[R] meta-analysis question
Spencer Graves
spencer.graves at pdf.com
Mon Sep 1 22:50:04 CEST 2003
Can you get the covariance matrices of the vectors b = c(b0, b1)?
There is a reasonable literature on meta-analysis with which I'm not
very familiar. However, a standard thing to do is to compute a weighted
average with weights proportional to the inverse of the covariance
matrices, while testing to evaluate whether the b's plausibly all
estimate the same thing.
The theory is as follows: Suppose b.i ~ N.k(mu, Sig.i), i = 1, 2,
..., n. If you have a covariance matrix for each vector b.i, then you
have this set-up. Assuming you do have (or can approximate) Sig.i, then
l.i = log(likelihood(b.i)) =
(-0.5)*(k*log(2*pi)+log(det(Sig.i))+t(b.i-mu)%*%solve(Sig.i, (b.i-mu))).
The first derivative of l.i with respect to mu is as follows:
D.l.i = solve(Sig.i, (x.i-mu)).
The solution for mu of sum(D.l.i)=0 is as follows:
mu.hat = solve(sum(Sig.i), sum(solve(Sig.i, (x.i-mu)))).
One could also derive various statistics for evaluating whether it is
plausible to believe that these b.i's all come from the same population.
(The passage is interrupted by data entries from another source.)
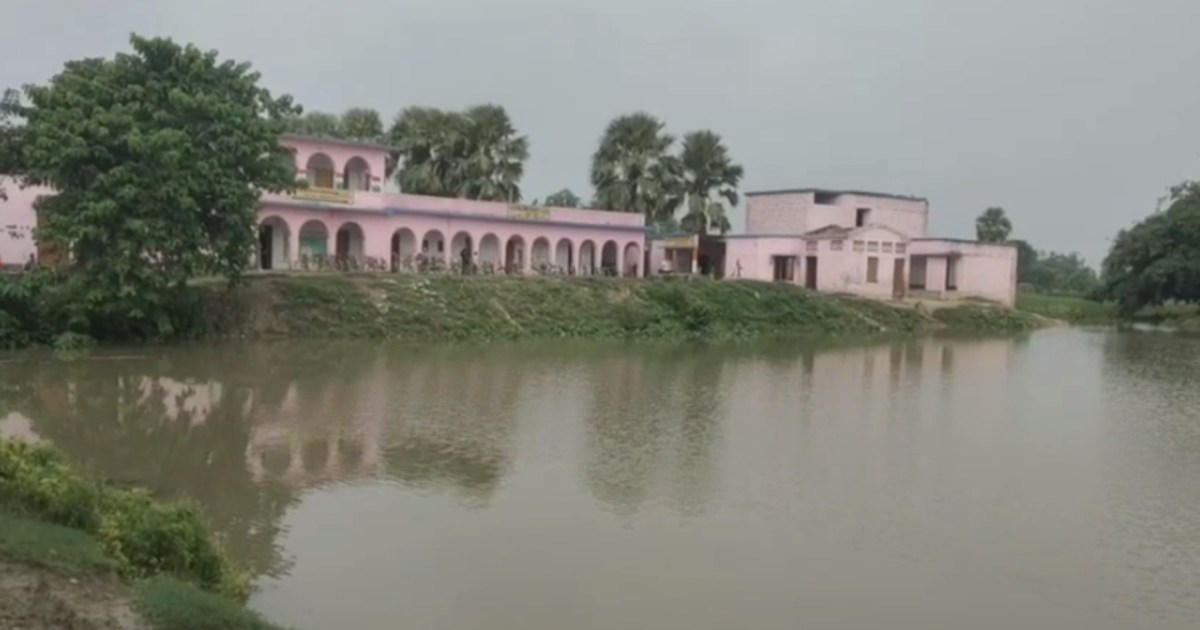 Children are forced to study under the shadow of fear, they 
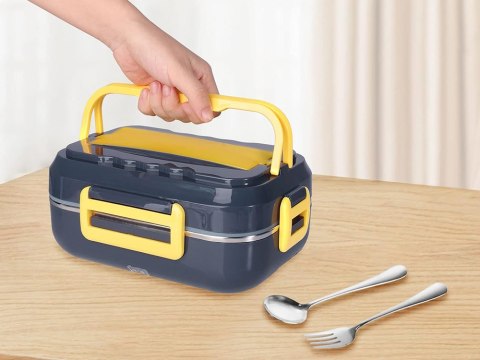 Elektryczny lunchbox pojemnik podgrzewany do auta ciężarówki pracy obiadowy Elektryczny lunchbox pojemnik podgrzewany do auta ciężarówki pracy obiadowy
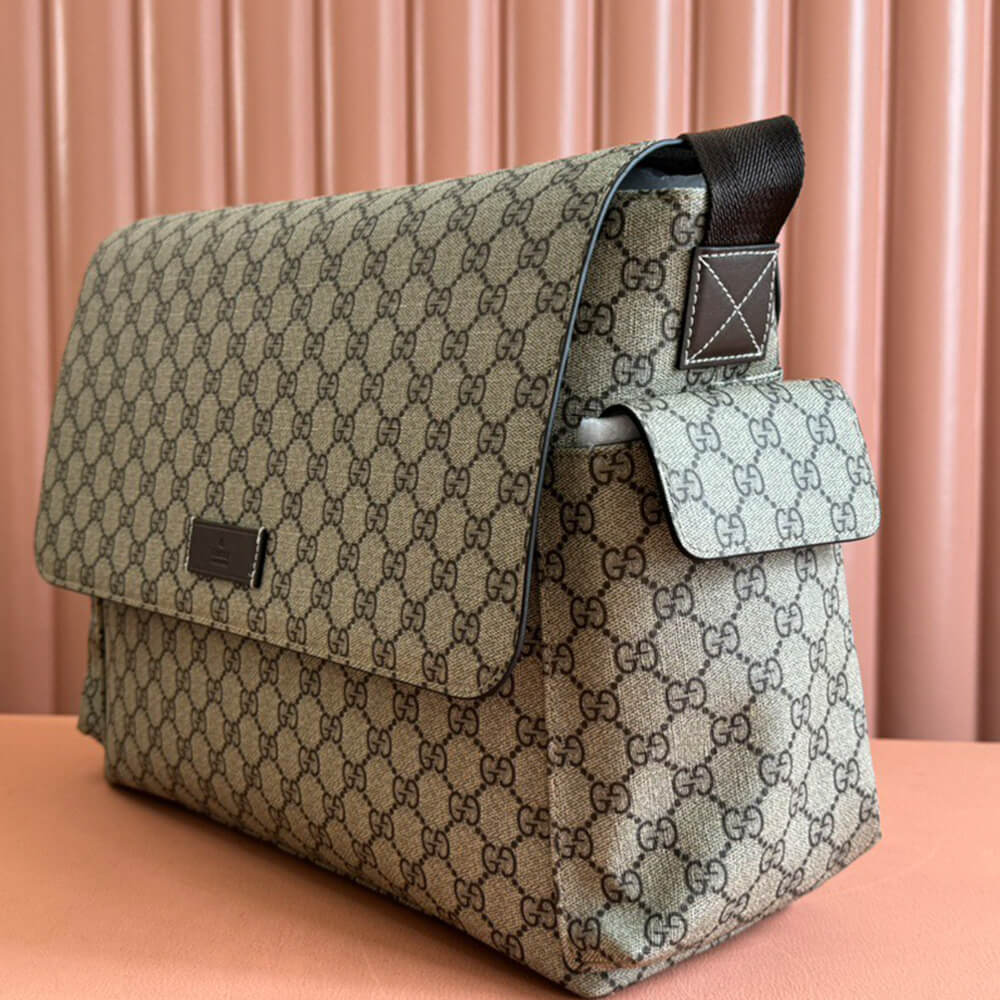 Gucci GG Supreme Diaper Bag - Replica Luxury Bags™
I would assume that the literature on meta-analysis would deal with
this, but I have not looked much at that literature, and I'll leave that
question to others.
hope this helps.
spencer graves
Remko Duursma wrote:
> Dear R-helpers,
>
> i have the following situation: i have a bunch of
y=b0 + b1*x from different studies, and want to
estimate a "general" y=f(x). I only have the b0,b1's
and R-squareds. Should i weigh the separate equations
by their R-squared?
>
> thanks
>
> Remko
>
>
> ^'~,_,~'^'~,_,~'^'~,_,~'^'~,_,~'^'~,_,~'^'~,_,~'
> Remko Duursma, Ph.D. student
> Forest Biometrics Lab / Idaho Stable Isotope Lab
> University of Idaho, Moscow, ID, U.S.A.